Het komt de commissie redelijk en billijk voor dat het aantal kWh dat resteert nadat de op jaarbasis de
hoeveelheid ingevoede en de hoeveelheid onttrokken elektriciteit tegen elkaar zijn weggestreept voor zover
niet voor alle kwartalen eenzelfde invoedingstarief geldt wordt berekend aan de hand van de formule:
• Voor het geval er meer verbruik is dan teruglevering op jaarbasis: het verbruik van een kwartaal,
gedeeld door het totale verbruik op jaarbasis, vermenigvuldigd met het saldo na verrekening op
jaarbasis (= resultaat van de saldering). Het aldus aan een kwartaal toegerekend verbruik wordt
afgerekend tegen het tarief van het betreffende kwartaal;
• Voor het geval er minder verbruik is dan teruglevering op jaarbasis: de ingevoede stroom van een
kwartaal, gedeeld door het totaal van de ingevoede stroom op jaarbasis, vermenigvuldigd met het
saldo na verrekening op jaarbasis (=resultaat van de saldering). De aldus aan een bepaald
kwartaal toegerekende invoeding wordt afgerekend tegen het invoedingstarief van dat kwartaal.
Op grond van het voorgaande is de commissie van oordeel dat dit onderdeel van de klacht gegrond is. Aan
consument dient als de grotendeels in het gelijk gestelde partij het klachtengeld vergoed te worden.

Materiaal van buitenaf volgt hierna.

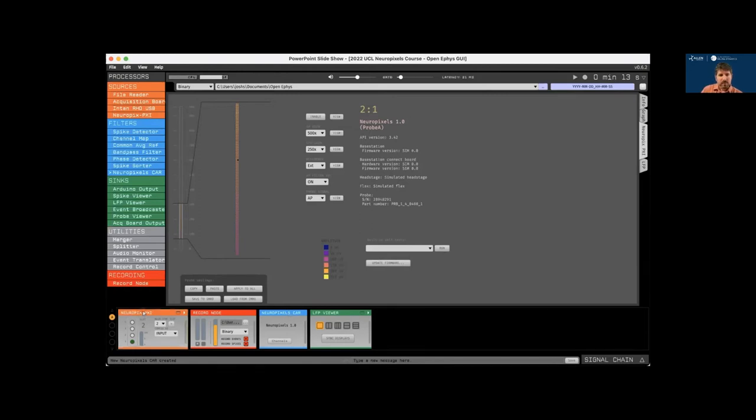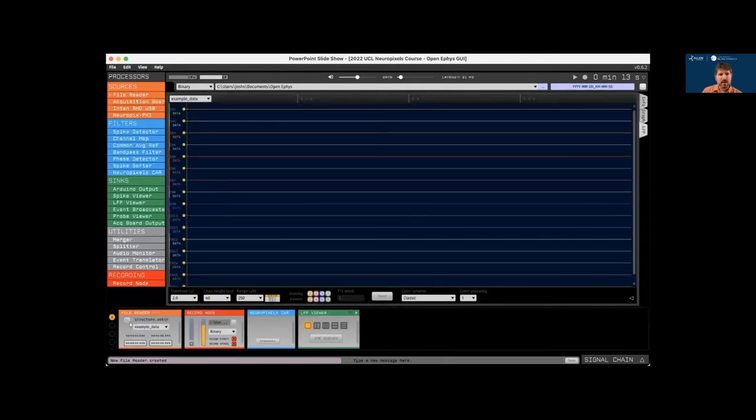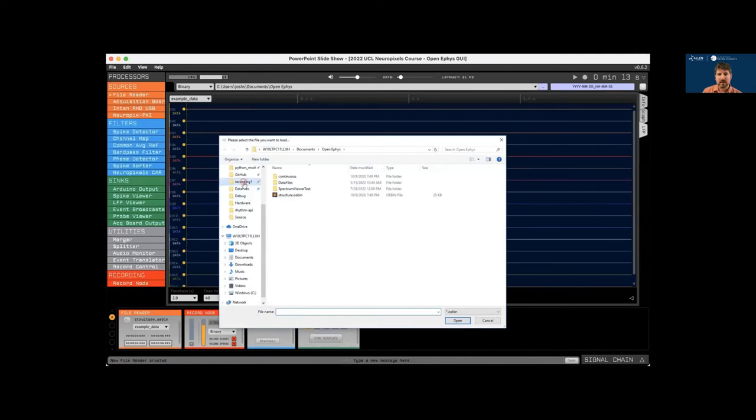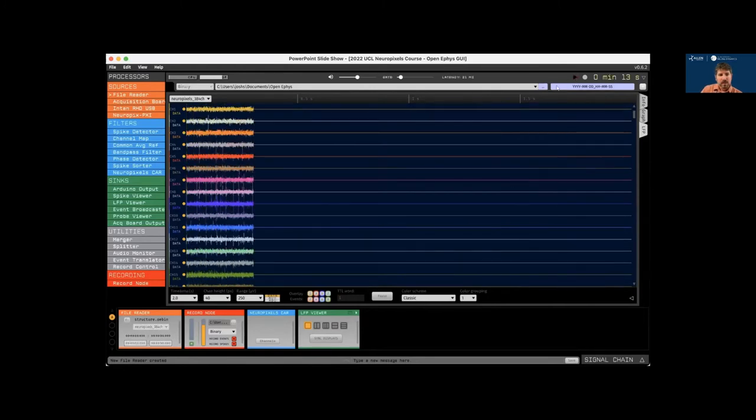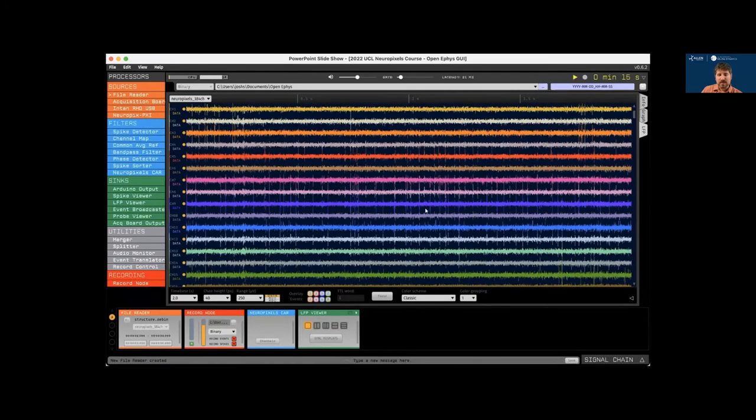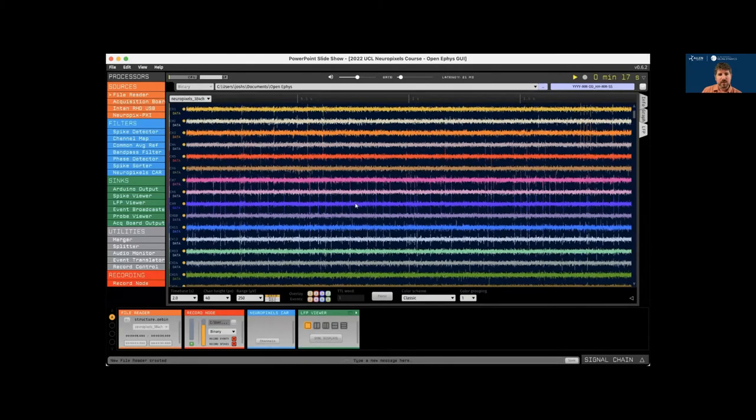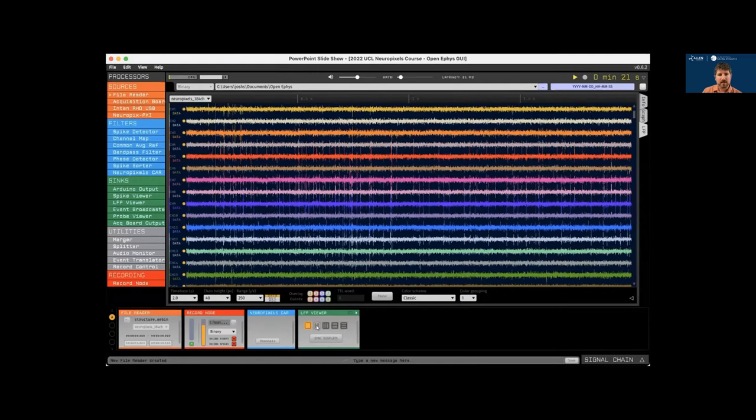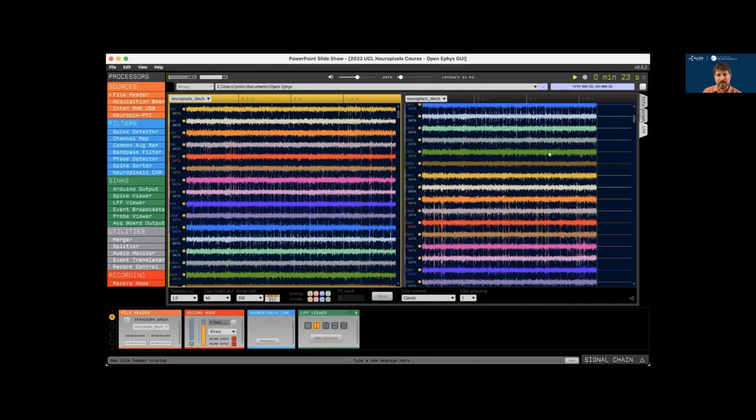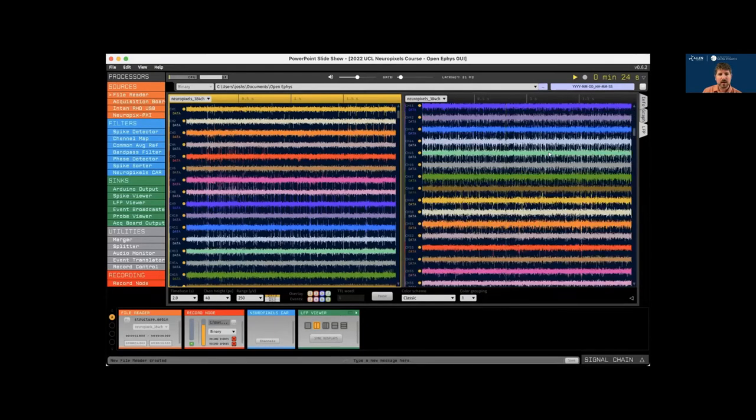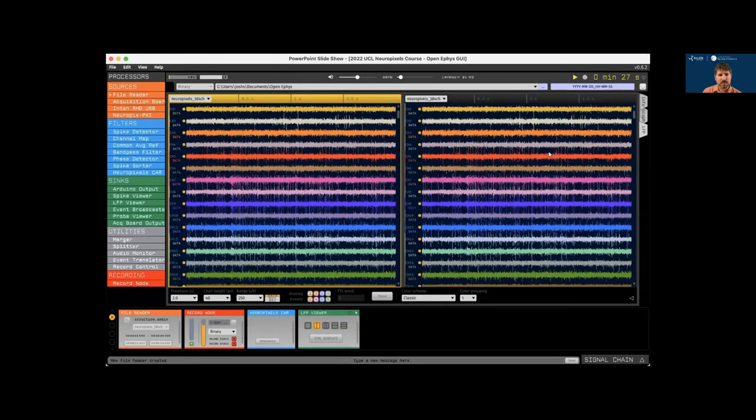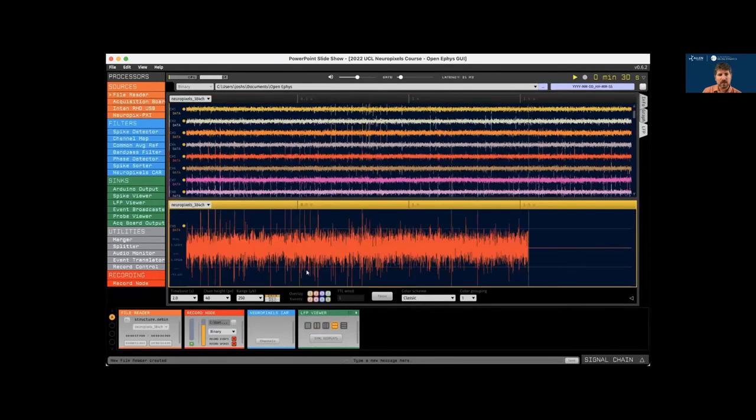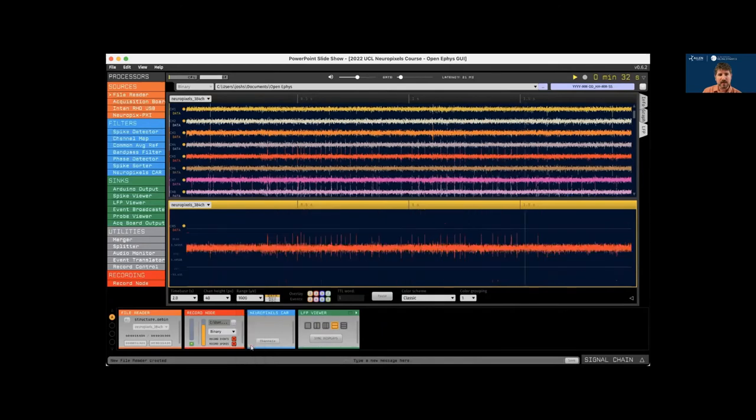All right. So before we talk about real time visualizations, delete the Neuropixels plugin and replace it with a file reader so we can load some pre-recorded Neuropixels data. And now we will hit play to start acquisition. And now we can see data streaming in through the LFP viewer. We can scroll through it a little bit. We can split the display vertically to visualize different segments of the probe at the same time. We can split the display horizontally to visualize a single channel while we scroll through the rest of the data.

Derhalve wordt als volgt beslist.

Beslissing
De ondernemer stelt een nieuwe jaarnota voor de consument op langs de lijnen als hiervoor uiteengezet.
Het meer of anders gevorderde wordt afgewezen.

Bovendien dient de ondernemer overeenkomstig het reglement van de commissie een bedrag van € 52,50
aan de consument te vergoeden ter zake van het klachtengeld.

Overeenkomstig het reglement van de commissie is de ondernemer aan de commissie behandelingskosten
verschuldigd.

Aldus beslist door de Geschillencommissie Energie, bestaande uit de heer mr. D.P.C.M. Hellegers,
voorzitter, de heer R.A. Timmer, de heer drs. L. van Rootselaar, leden, op 28 november 2022.